Refletindo sobre o atual panorama político em Portugal, a ascensão do partido Chega destaca-se como um fenómeno impulsionado pela retórica populista que por vezes divide opiniões. Uma análise mais aprofundada à luz das ciências sociais é crucial para compreender não só as exigências do partido, mas também as raízes profundas do seu crescimento.
O Chega, alinhado com muitos partidos de extrema-direita, constrói narrativas baseadas em afirmações dúbias. Um exemplo claro é a propagação da ideia infundada de que os migrantes do Indostão vêm para Portugal para tirar partido da Segurança Social, quando tal não é possível porque ainda não têm direito a tais benefícios.
Esta estratégia enquadra-se na teoria da "criação de inimigos" da ciência política, na qual os partidos extremistas fabricam um "outro" para consolidar o apoio interno. Esta tática, muitas vezes ligada à globalização, procura criar uma narrativa que explore as ansiedades de uma sociedade em rápida mudança, retratando grupos externos como ameaças à identidade nacional.
A associação do Chega ao discurso de ódio nas redes sociais, dirigido a minorias étnicas, mulheres emancipadas, jovens e homossexuais, é uma aplicação prática da teoria do "bode expiatório" da sociologia. Esta tática procura canalizar as frustrações sociais para grupos específicos, alimentando um ciclo de polarização. A psicologia social desempenha um papel na explicação de como a identificação com um grupo, neste caso, seguidores do Chega, pode ser fortalecida através da criação de inimigos comuns, proporcionando um sentimento de coesão e pertença.

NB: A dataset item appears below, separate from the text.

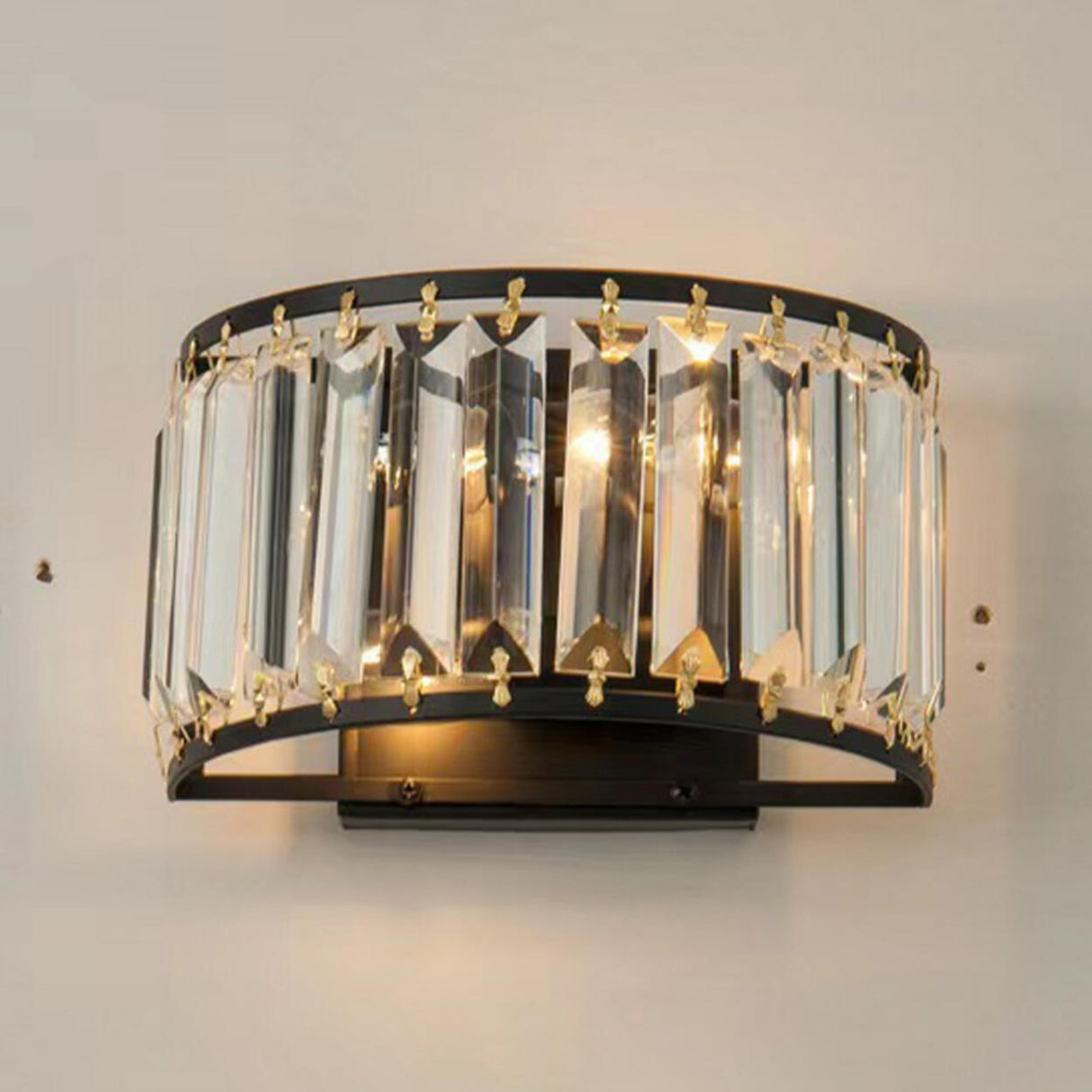 Elegant Brass and Crystal Wall Light Fixture Image - 10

Ao confrontar esta narrativa nociva, a educação surge como uma ferramenta poderosa. A teoria da "mudança de atitude" da psicologia social destaca o poder transformador da informação. Educar sobre imigração, diversidade e direitos humanos é vital para desconstruir os mitos propagados pelo Chega. A inclusão, vista através das lentes da antropologia, desempenha um papel crucial ao destacar como sociedades diversas são mais resilientes e culturalmente ricas.
A prática da verificação de factos, apoiada pela teoria antropológica da "sociedade da informação", torna-se crucial num mundo saturado de dados. A promoção de uma cultura de verificação de factos é essencial para desmascarar a desinformação e melhorar a compreensão do público. A globalização, que interliga as sociedades e a informação, evidencia a relevância desta prática.
No entanto, o desafio vai além da mera correção factual. A promoção da inclusão e da diversidade, sustentada pela teoria da "pluralidade cultural" da antropologia, surge como um antídoto essencial para a retórica divisiva. Ao construir uma sociedade que valoriza a multiplicidade de perspectivas, desafiamos as narrativas excludentes do Chega. Aqui, a globalização desempenha um papel, destacando a necessidade de aceitação e compreensão mútuas numa comunidade global.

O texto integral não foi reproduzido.